“The Castles of Burgundy has long been one of my favorite strategy board games, a 90-120 minute game of tile-laying with a complex scoring system that is often derided as “point salad,” meaning you can get points from so many different paths that there might seem to be no logic to it. I mention that up front because I think it’s a fair criticism of this style of game. Still, Castles of Burgundy is the best implementation I’ve seen of that sort of scoring, especially since designer Stefan Feld, who specializes in this sort of game, connects the different tile types in multiple ways, creating a game that scratches that complex scoring itch but is also well-balanced and coherent.
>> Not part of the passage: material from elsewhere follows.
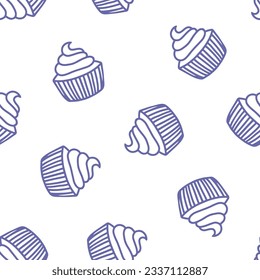 Motif harmonieux de cupcakes aux contours violets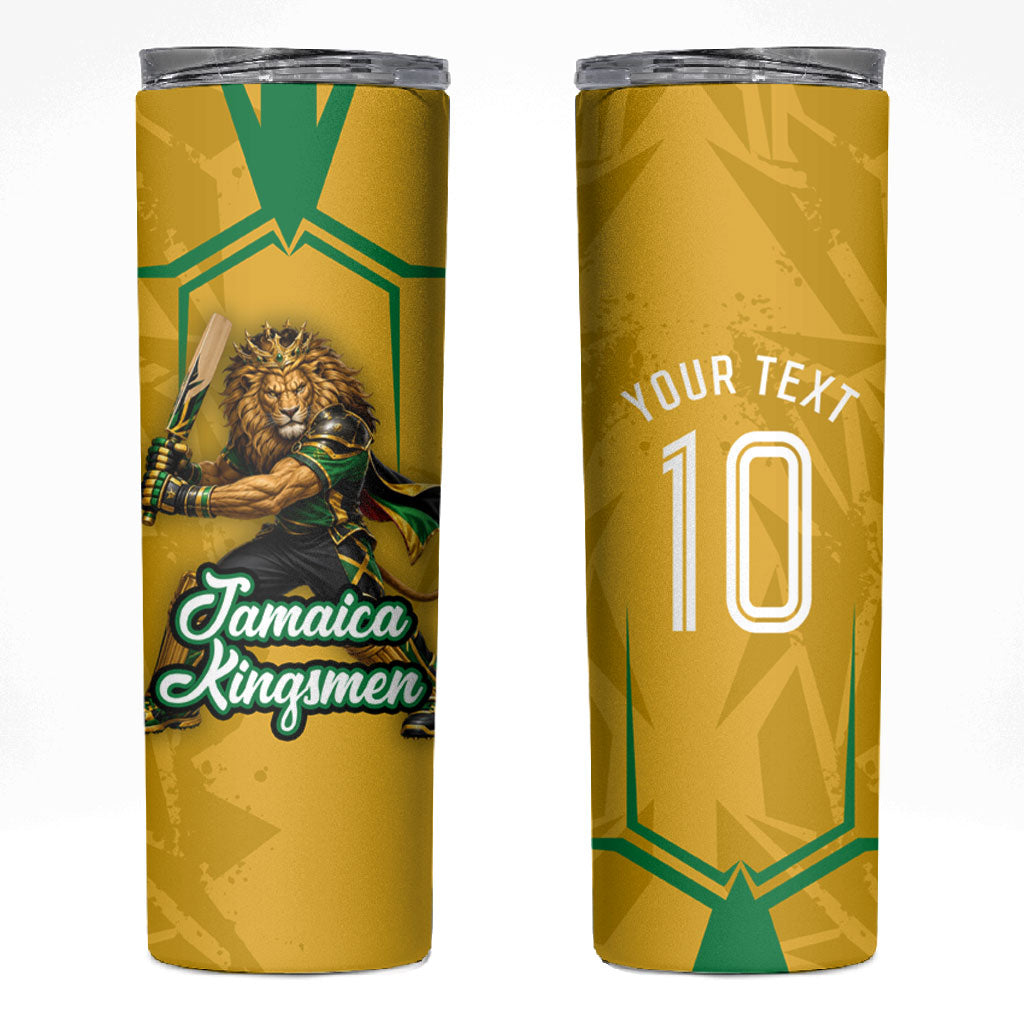 Personalized Jamaica Kingsmen Cricket Lion Skinny Tumbler Royal King Batsman Sports Graphic Art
Digidiced has now brought Castles of Burgundy to Steam and to mobile platforms in a great-looking app that uses new artwork and allows for quick gameplay against AI opponents.”
—Keith Law, “Review: Beloved board game Castles of Burgundy is now an app.” arstechnica.com. April 13, 2019.
Interactive fiction is text-driven games and stories most commonly associated with the dawn of the computing age and games like Zork. Depending on one’s definition, you might be able to stretch the category to include games like Nethack.
Today, it is a thriving sub-culture with new works being created by independent creators. The Interactive Fiction Database is a good way to find great games or genres. The Interactive Fiction Competition a good place to look for new works. For a gentle introduction, try one of the many guides available.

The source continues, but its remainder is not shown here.